6
votes

My hive table is partitioned on year, month, day, Hour

Now I want to fetch data from 2014-05-27 to 2014-06-05 How can I do that??

I know one option is create partition on epoch(or yyyy-mm-dd-hh) and in query pass epoch time. Can I do it without loosing date hierarchy??

Table Structure

CREATE TABLE IF NOT EXISTS table1 (col1 int, col2 int)
PARTITIONED BY (year int, month int, day int, hour int) 
STORED AS TEXTFILE;
3
Could you paste a sample of data which have in your hive table? - Lalit Agarwal
@LalitAgarwal I have added table structure in questions. Thanks for pointing it. - banjara

3 Answers

10
votes

This is a similar scenario we face everyday while querying tables in hive. We have partitioned our tables similar to the way you explained and it has helped a lot if querying. This is how we partition:

CREATE TABLE IF NOT EXISTS table1 (col1 int, col2 int)
PARTITIONED BY (year bigint, month bigint, day bigint, hour int) 
STORED AS TEXTFILE;

For partitions we assign values like this:

year = 2014, month = 201409, day = 20140924, hour = 01

This way the querying becomes really simple and you can directly query:

select * from table1 where day >= 20140527 and day < 20140605 

Hope this helps

3
votes

you can query like this

  WHERE st_date > '2014-05-27-00' and end_date < '2014-06-05-24' 

should give you desired result because even if it is a sting a it will be compared lexicographically i.e '2014-04-04' will be always greater '2014-04-03'.

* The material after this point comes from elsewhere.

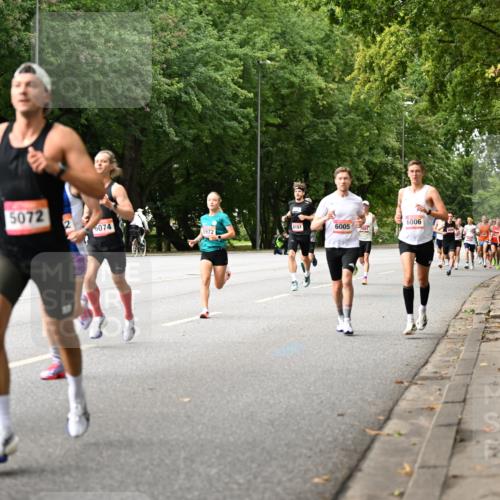 06.09.2026 - CURREX Alsterlauf Dr. Thomas Lammeyer http://msf.ph/oto/10113403 06.09.2026 09:05:03 Laufen 4432, 5072, 6074, 6006, 8151, 6005, 5972, 2021 meine-sportfotos.de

I ran it on my sample tables and it works perfectly fine.

1
votes

You can use CONCAT with LPAD.

Say you want to get all partitions between 2020-03-24, hour=00 to 2020-04-24, hour=23, then, your 'where' condition would look like:

WHERE (CONCAT(year, '-', LPAD(month,2,'0'), '-', LPAD(day,2,'0'), '_', LPAD(hour,2,'0')) > '2020-03-24_00')
AND (CONCAT(year, '-', LPAD(month,2,'0'), '-', LPAD(day,2,'0'), '_', LPAD(hour,2,'0')) < '2020-04-24_23')